Square CFO Sarah Friar to step down, stock falls at least 8% 

  • Square's chief financial officer Sarah Friar will step down, and take a job as the CEO of social network Nextdoor, the company announced Wednesday.
  • "I'm saddened by the news," Square CEO Jack Dorsey said in note to employees, which he posted on Twitter.
  • Shares of the fintech company dropped as much as 8 percent in after-hours trading.
Sarah Friar, CFO, Square
Scott Mlyn | CNBC
Sarah Friar, CFO, Square

Payment company Square's chief financial officer Sarah Friar will step down and take a job as CEO of Nextdoor, the company announced Wednesday.

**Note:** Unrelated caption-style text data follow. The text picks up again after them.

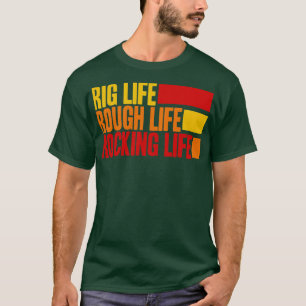 Camiseta Rig Life Rough Rocking Life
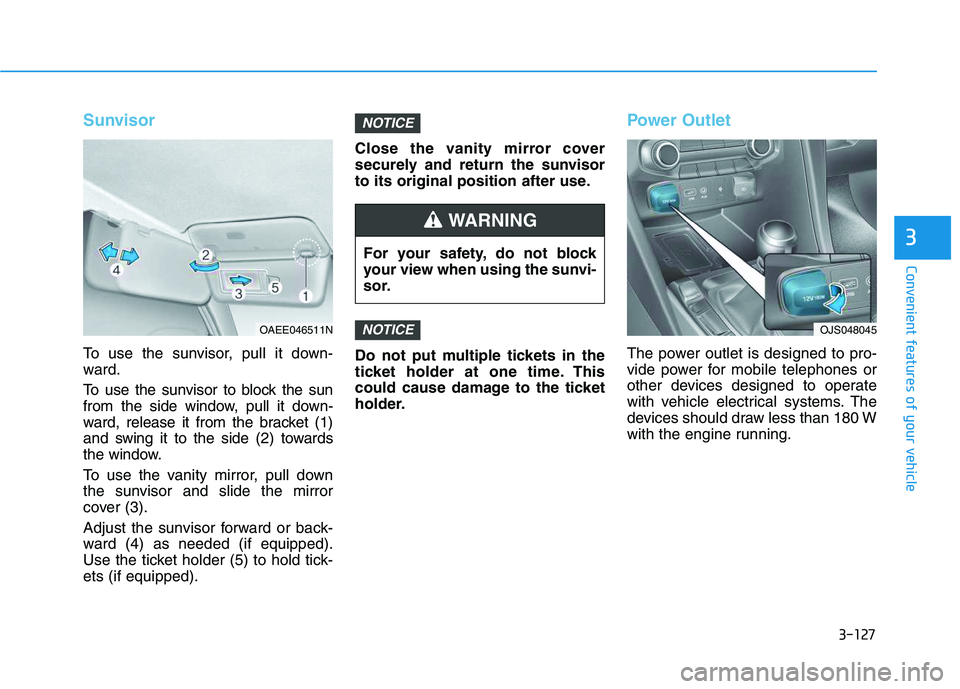HYUNDAI VELOSTER 2020  Owners Manual 3-127
Convenient features of your vehicle
3
Sunvisor
To use the sunvisor, pull it down-
ward.
To use the sunvisor to block the sun
from the side window, pull it down-
ward, release it from the bracket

Shares of the fintech company, run by Twitter CEO Jack Dorsey, dropped as much as 8 percent in after-hour trading.

"I'm saddened by the news," Square CEO Jack Dorsey said in note to employees. "I was unrealistically expecting to be working with Sarah well into our late 90s (swapping the standup tables for rocking chairs). Unrealistic because I knew of Sarah's lifelong ambition to run her own company."

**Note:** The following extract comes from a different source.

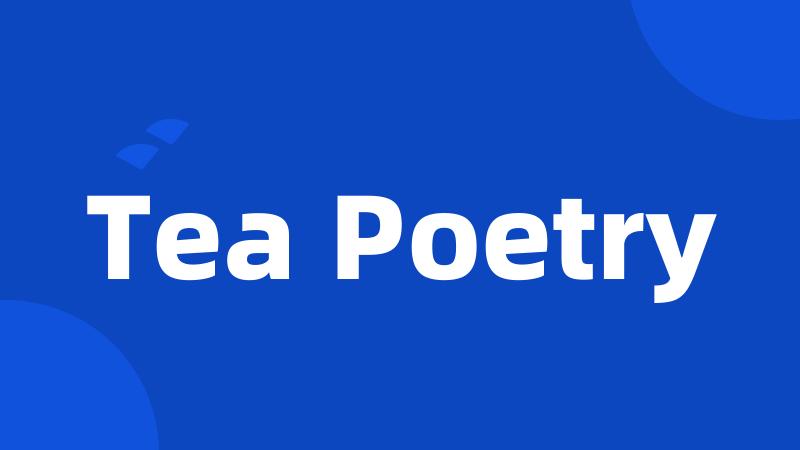 Tea Poetry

The current CEO of Nextdoor, a social network for local neighborhoods founded in 2010, announced plans to step down from his role after almost eight years Wednesday.

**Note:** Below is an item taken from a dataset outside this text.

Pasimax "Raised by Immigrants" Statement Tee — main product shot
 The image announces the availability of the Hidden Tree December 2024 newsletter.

San Francisco-based Square is well-known for its credit card processor, payment hardware and popular Cash app. The company has also expanded into small business lending with Square Capital, which launched in 2014. Friar recently hinted at more moves into banks' turf, and said that "anything you do today with a bank account, you should look to the Cash App to begin to emulate more and more of."

Friar helped take Square public in 2015, and build "a growing ecosystem of businesses that will scale into the future," Dorsey said in a press release.

"Sarah leaves us having established a culture of entrepreneurship and discipline across the entire company. She has been an amazing leader, partner, and friend, and we are grateful for all she's done for Square," the CEO said.

Square's stock is up more than 130 percent year over year, and have surged more than 105 percent this year alone.